El intelectual es un hombre con deberes y derechos, un hombre que además hace poesía, pinta, toca, canta, recita, pero no puede olvidar sus derechos humanos. Nacieron una gran cantidad de grupos, escuelas literarias, desde el dadaísmo hasta el surrealismo; se movieron todas ellas en torno a un afán de solidaridad con los trabajadores, pero todavía en la vieja Europa no se estableció la delimitación exacta, la connotación perfecta. El poeta es un trabajador; el novelista es un trabajador; el pintor es un trabajador y el músico es un trabajador que tiene, eso sí, la chispa del genio por la naturaleza, que tiene, eso sí, la llama en los ojos y la iluminación en el espíritu, pero que no pierde su calidad de trabajador.
El distingo entre trabajo manual y el trabajo intelectual, fue un distingo que favoreció mucho una falsa aristocracia de los intelectuales. Desde que en 1961 empecé a formar grupos culturales, senté una tesis que muy pocos entendieron y todavía hoy, muy pocos aceptan; todavía los que se creen intelectuales, están pensando en que ellos son los iluminados, son la encarnación del mago, del profeta, del elegido de los dioses y se sienten pontífices, cuando el artista no es sino un humano que utiliza los dones naturales, los de su talento y los de su sensibilidad y que debe utilizarlos al servicio de los demás.
Yo, como decía Luis Donaldo Colosio, soy fruto, soy producto de la cultura del esfuerzo. Del esfuerzo de otros. Mis padres se esforzaron en llevarme por el buen camino. Mi madre se empeñaba en que yo fuera pintor; por su parte, mi padre trataba de que yo fuera un técnico. Mientras la cultura lo hace a uno sensible, la técnica aprovecha los conocimientos para producir resultados útiles.
Muchos de mis maestros se dedicaron con empeño a la tarea de mostrarme cosas como el bien, la verdad, la justicia y la belleza. Probablemente aprendí medianamente esos valores, pero me sirvieron para después reafirmarlos.
La señorita Isabel H. Maldonado, bajita y algo llenita, me dio clases en primero. Recuerdo muy bien sus palabras: “Niño, ¿sabes leer en el libro de tu vida que es la existencia que el Ser Supremo nos ha dado para ir hojeando de una en una las hojas abiertas que se encuentran en él?”
Por Antonio Flores Alarcón, mi maestro de segundo año, supe que para educar a alguien hay que dar ejemplo. De la profesora Inés González, con quien cursé el tercer año de primaria, aprendí la alegría que hay en aprender.

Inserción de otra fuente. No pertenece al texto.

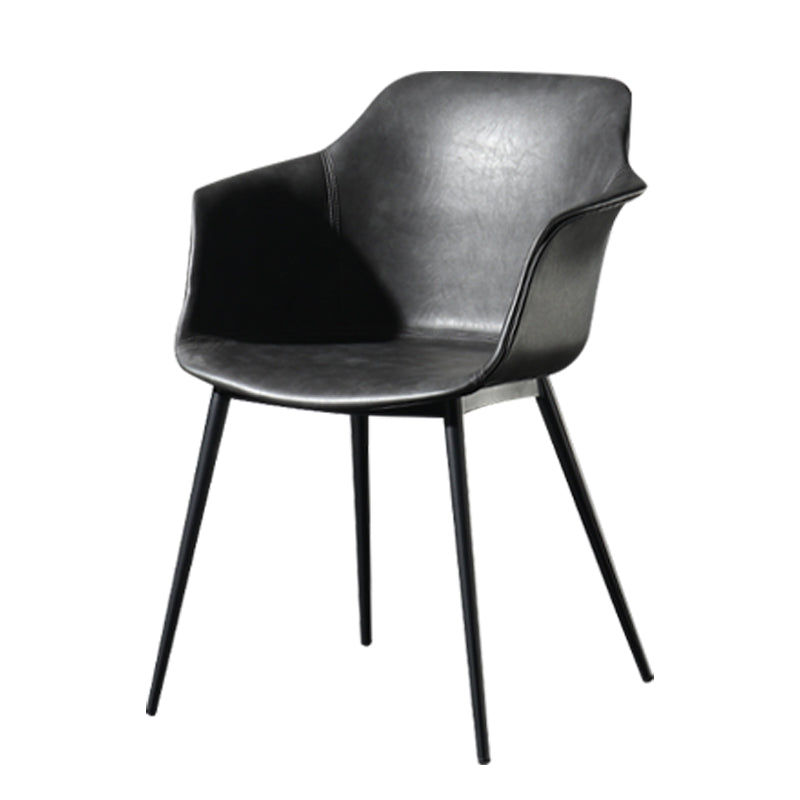 Contemporary Style Dining Chair Arm Metal Side Parsons Chairs for Kitchen Clearhalo ' kitchen&dining_furn' 'Dining Chairs' 'Dining Tables & Seating' 'dining_chair' 'Furniture' 'furniture_dining_chair' 'Kitchen & Dining Furniture' 'kitchen' 4159822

Antonio Jiménez Abarca, era un maestro como los de “Corazón diario de un niño”, cuyos relatos semanales nos leía. Por él empecé a declamar en público. Por el profesor Sergio Giles me aprendí de memoria los nombres de las capitales de los países, así como de los ríos de Europa y se los recitaba orgulloso.
En la escuela secundaria tuve dos maestros extraordinarios Luis Acevedo, gran orador y Jesús Nieves, ágil poeta. Acevedo, maestro de literatura, por él conocí el mundo de la poesía y la oratoria que quedaron muy bien arraigadas en mí para toda la vida y de Nieves, supe que nada se consigue sin disciplina y orden.
Carlos Quintero, nos abrió las ventanas de la filosofía y nos enseñó a razonar; mientras Jesús Sepúlveda nos reveló a los clásicos de nuestra lengua. No buscaba darnos conocimientos, procuraba contagiarnos de su entusiasmo al glosar cada obra. Por Carlos Guevara leí, en la colección Austral, a Santa Teresa de Jesús, Fray Luis de León y San Juan de la Cruz. Sergio Ramírez me hizo ver que los libros son la mejor escuela.
En la ciudad de México tuve como maestro de Auditoría a Roberto Trejo que reafirmó la honradez en mí. Allá también cursé periodismo con el gran maestro Vicente Leñero y asistí a un taller de historia que impartió Luis González y González, de quien aprendí como “sumar la imaginación, la razón y la emoción para poder alcanzar el oficio de historiar”.
Yo fui maestro y me hubiera gustado haberlo sido toda la vida, pero en aquellos tiempos ser maestro, era ser apóstol, pues los profesores estábamos mal pagados.
Sin pensarlo, he evocado a mis maestros, y qué bueno, pues gracias a ellos yo soy un modesto producto del esfuerzo.